■ Directions for this task: Go to the line with "Make It Extreme" in the material below and copy from there through the line with "LiliLuna online show from 21, 12, 2025", exactly. Pictures are not copied.

■ Input records:
● ● ● ●
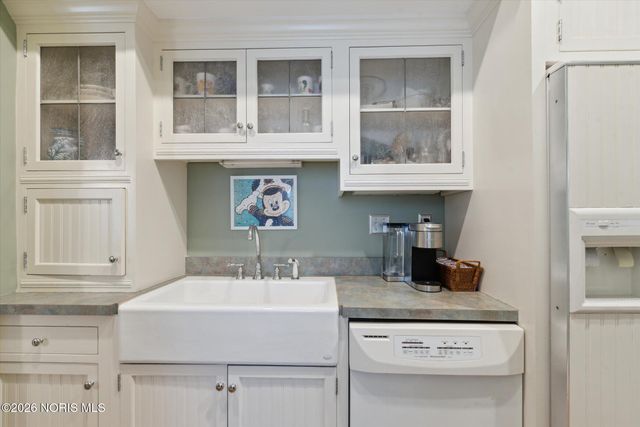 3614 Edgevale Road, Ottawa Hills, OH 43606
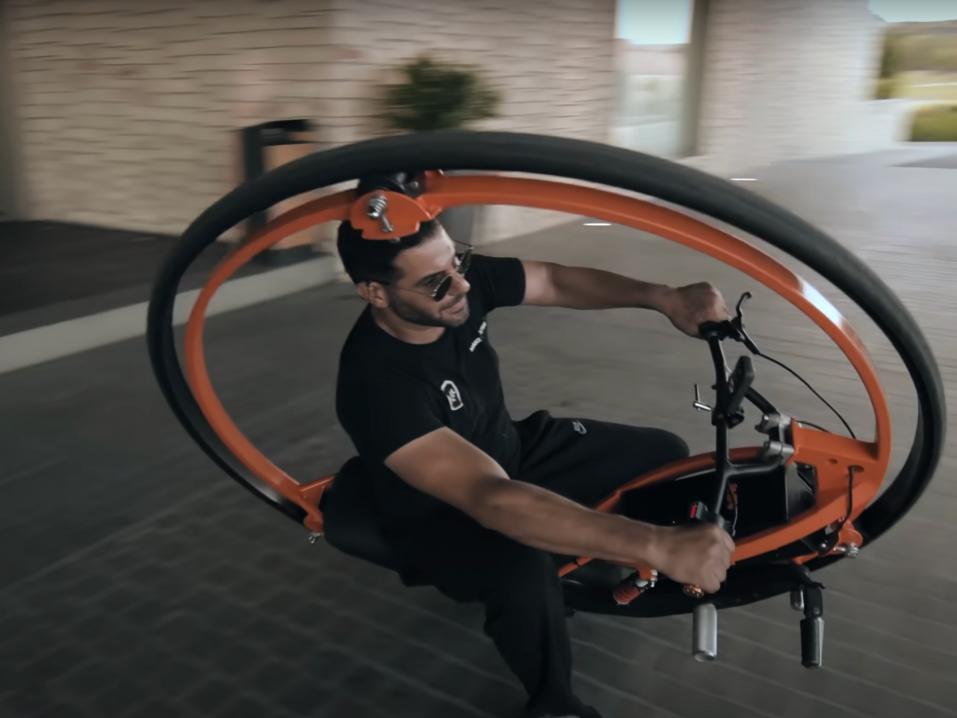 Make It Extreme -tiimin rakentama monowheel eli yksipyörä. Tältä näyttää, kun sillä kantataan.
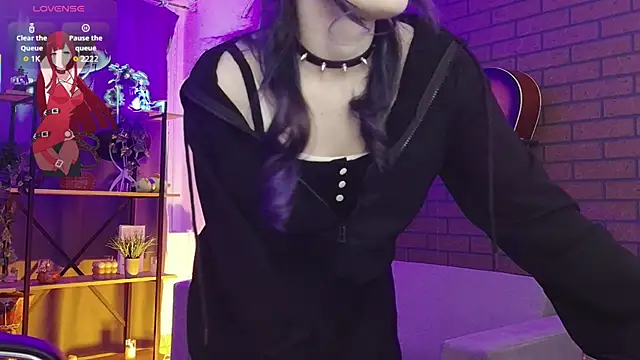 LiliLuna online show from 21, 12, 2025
● ● ● ●
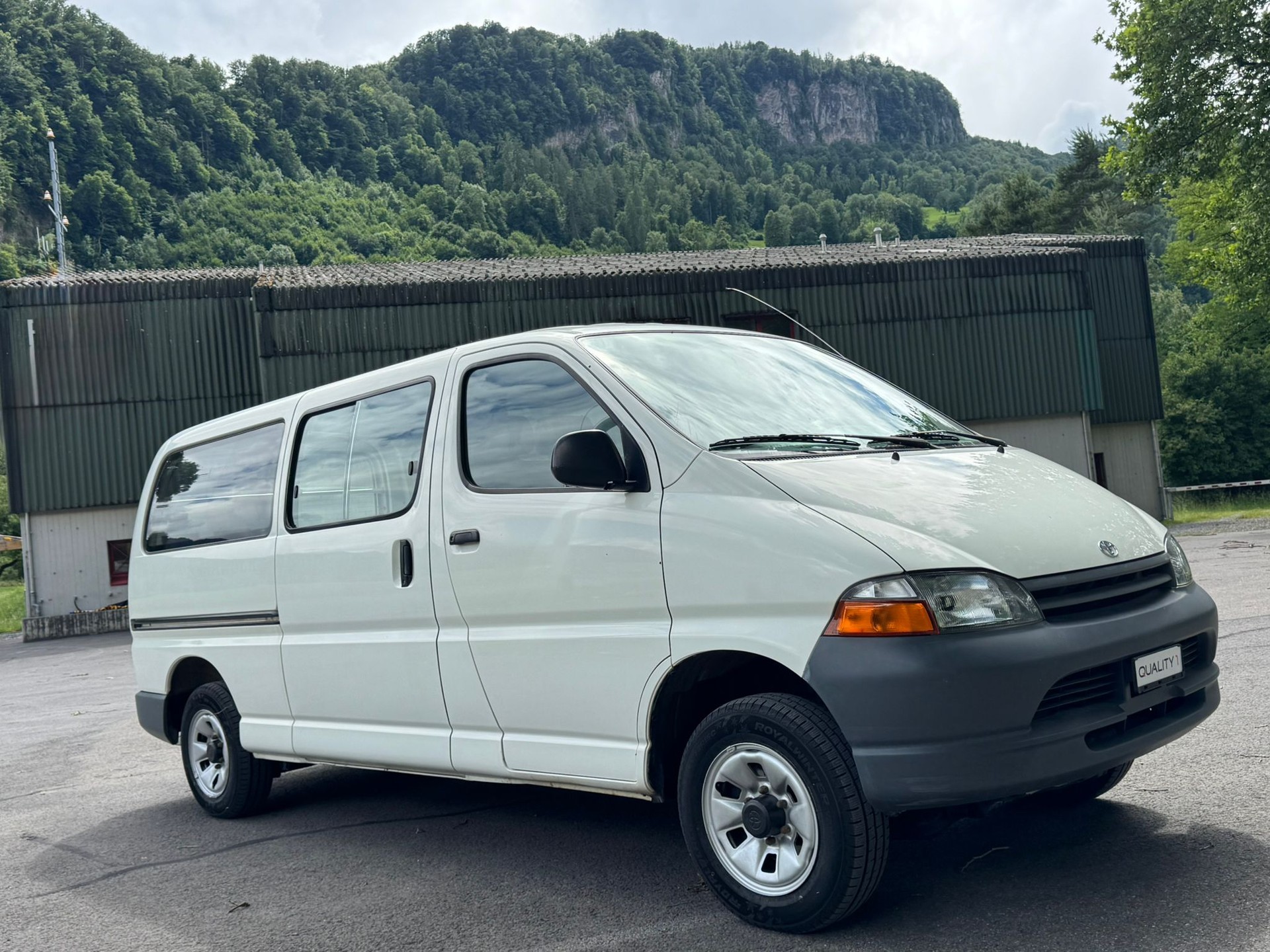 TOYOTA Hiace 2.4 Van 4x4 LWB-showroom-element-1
● ● ● ●
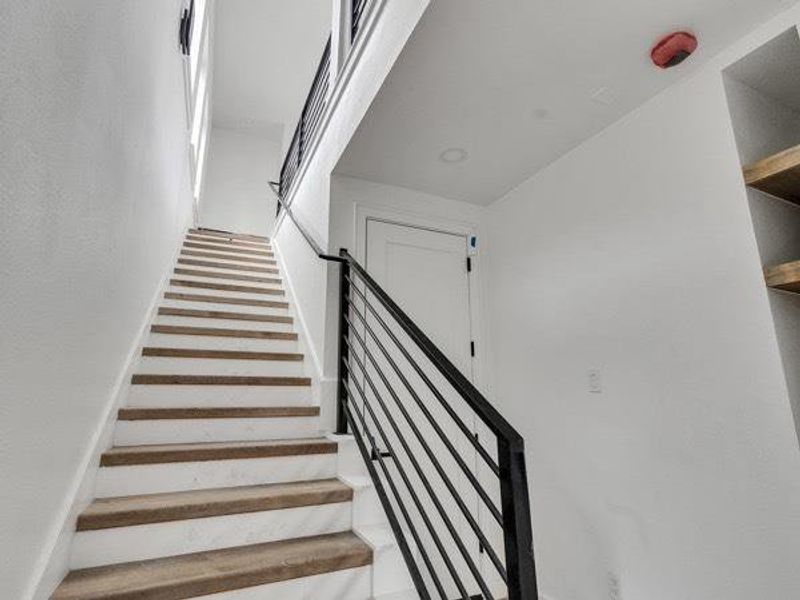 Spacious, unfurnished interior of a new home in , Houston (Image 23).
● ● ● ●
■ Result of this task:
 Make It Extreme -tiimin rakentama monowheel eli yksipyörä. Tältä näyttää, kun sillä kantataan.
 LiliLuna online show from 21, 12, 2025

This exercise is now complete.